US President Donald Trump speaks about the Iran deal from the Diplomatic Reception room of the White House in Washington, DC, on October 13, 2017. (AFP PHOTO / Brendan SMIALOWSKI)
US President Donald Trump speaks about the Iran deal from the Diplomatic Reception room of the White House in Washington, DC, on October 13, 2017. (AFP PHOTO / Brendan SMIALOWSKI)

London- Although it had been expected for months, US President Donald Trump’s unveiling of his new strategy on Iran seems to have taken the ruling elite in Tehran by surprise, intensifying the power struggle within it.

The radical faction close to “Supreme Guide” Ayatollah Ali Khamenei had expected Trump to tear-up the so-called nuclear deal, depriving the rival faction known as Rafsanjani’s orphans led by President Hassan Rouhani, of their main propaganda plank.

That Rouhani is anxious to pretend that the nuke deal remains intact is a sign of his faction’s failure to work out any alternative policy. If he denounces the deal, he would be validating Trump’s claim that Tehran never intended to abide by the rules. Such move would, in turn, persuade the Europeans and perhaps even Russia and China to tone down their support for Tehran against Washington.

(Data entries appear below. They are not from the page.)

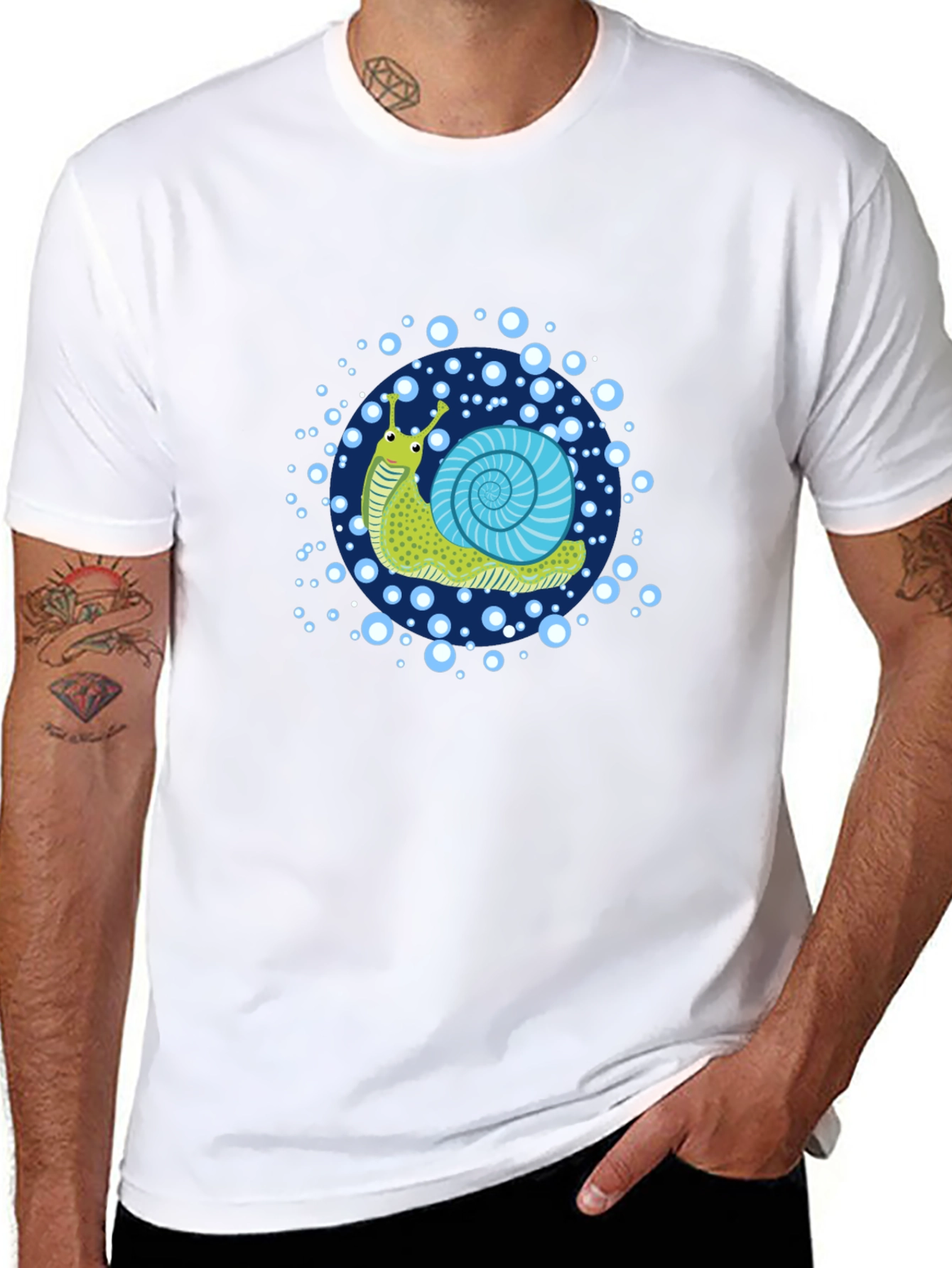 Camiseta Negra con Diseño de Caracol Animado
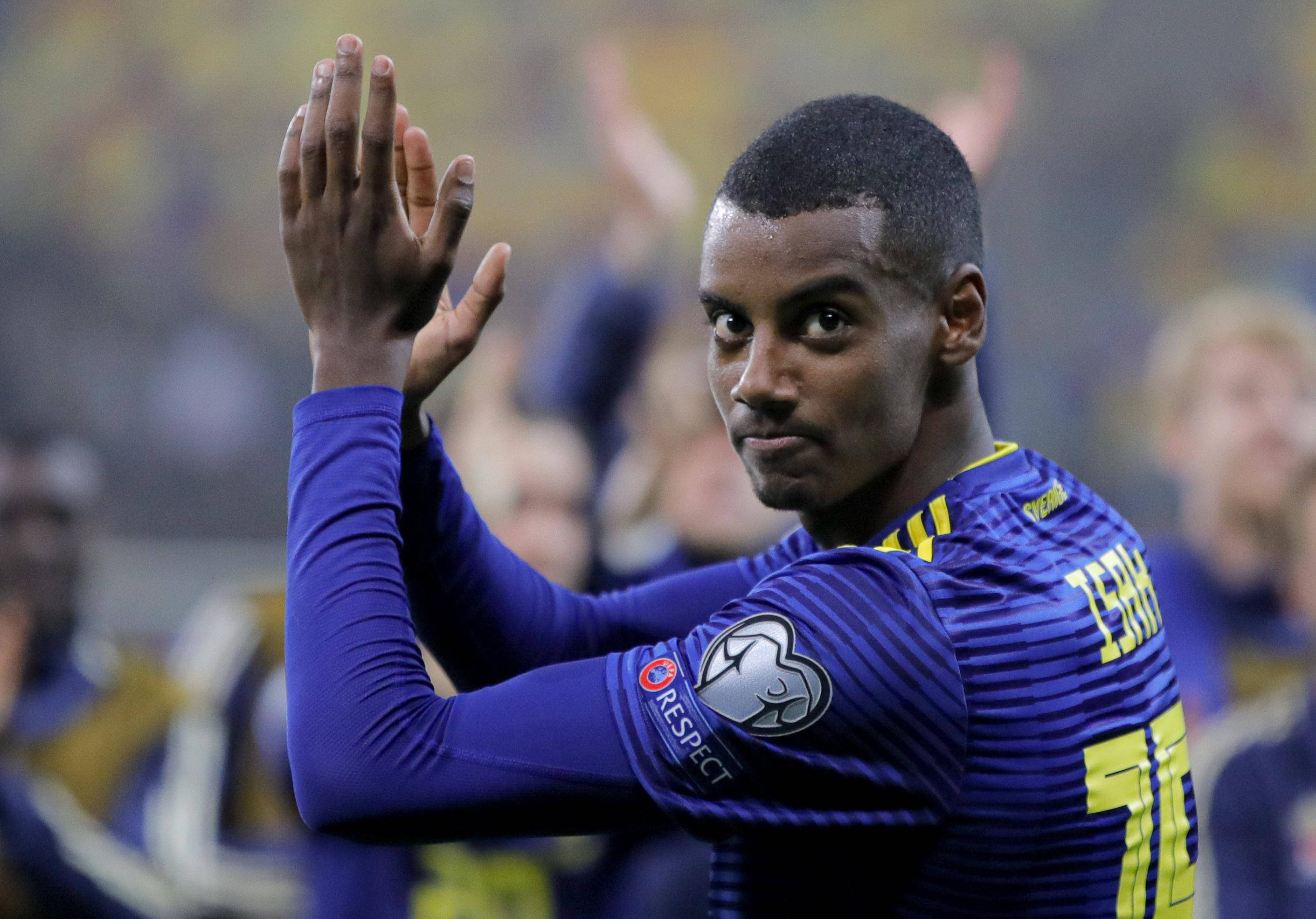 Alexander Isak klapper nærbilde Bakgrunner
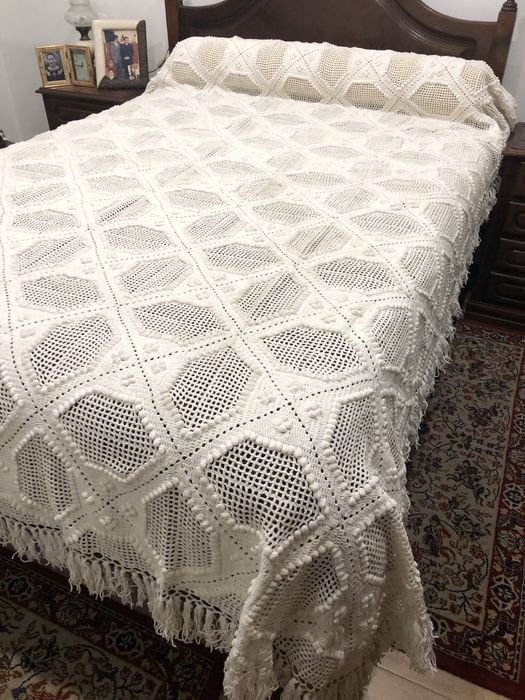 Colcha em renda manual de cor branca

“We intend to remain committed to the nuclear deal,” Rouhani said Friday night, “for as long as others continue to respect it.”

That was a strange position since one of those “others”, the US, had already announced it would not abide by the deal as it stands now.

“We hope that others will not follow Trump’s lead,” says Hessameddin Ashna, Rouhani’s chief political adviser. This means that Rafsanjani’s Orphans are determined to stick to the “deal” even when and if the US renders it meaningless.

For the deal to work in favor of Iran it is important that international banks and businesses resume treating the country as a normal partner.

Two years after the nuclear deal was announced, this hasn’t happened. The reason is that companies and banks are not sure that by doing business with Iran they would not risk running into trouble with US rules and regulations. Fear that the sanctions that were suspended under the nuclear deal could be snapped back at any time has prevented Iran from attracting any significant foreign investment.

For the same reason Iran has failed to regain access to world capital markets and banking services. Today, even Iranian embassies abroad are not allowed to open bank accounts and are forced to pay their staff in cash. Tehran is also forced to pay the militant groups it backs, notably Hezbollah in Lebanon, Islamic Jihad in Gaza and the Houthis in Yemen with suitcases filled with dollars.

However, Rouhani and his faction, which includes former President Muhammad Khatami, may not be totally unhappy with Trump’s move because the US president singled out the Revolutionary Guard Corps (IRGC), which is controlled by Khamenei, as the main culprit. The Rouhani faction is now harping on the theme that had it not been for the IRGC, the nuclear deal would have borne real fruits for Iran.

However, Trump, according to the daily Kayhan, believed to be a mouthpiece for Khamenei, chose a “more devious method” by not formally denouncing the deal while making it clear the US will intensify sanctions against Iran. This means that “Iran will continue to comply with the deal while the US refuses to abide by its pledges,” the paper says.

The IRGC is clearly happy that, despite months of rumors, Trump did not ask the US Congress to declare it a “terrorist organization”.

According to Kayhan, Trump “dared not” classify the IRGC as “terrorist.” The reason, Kayhan says, was “the stern warning” given by IRGC Commander General Muhammad-Ali Aziz Jaafari.

IRGC spokesman Gen. Massoud Jazayeri has also highlighted IRGC’s message of defiance.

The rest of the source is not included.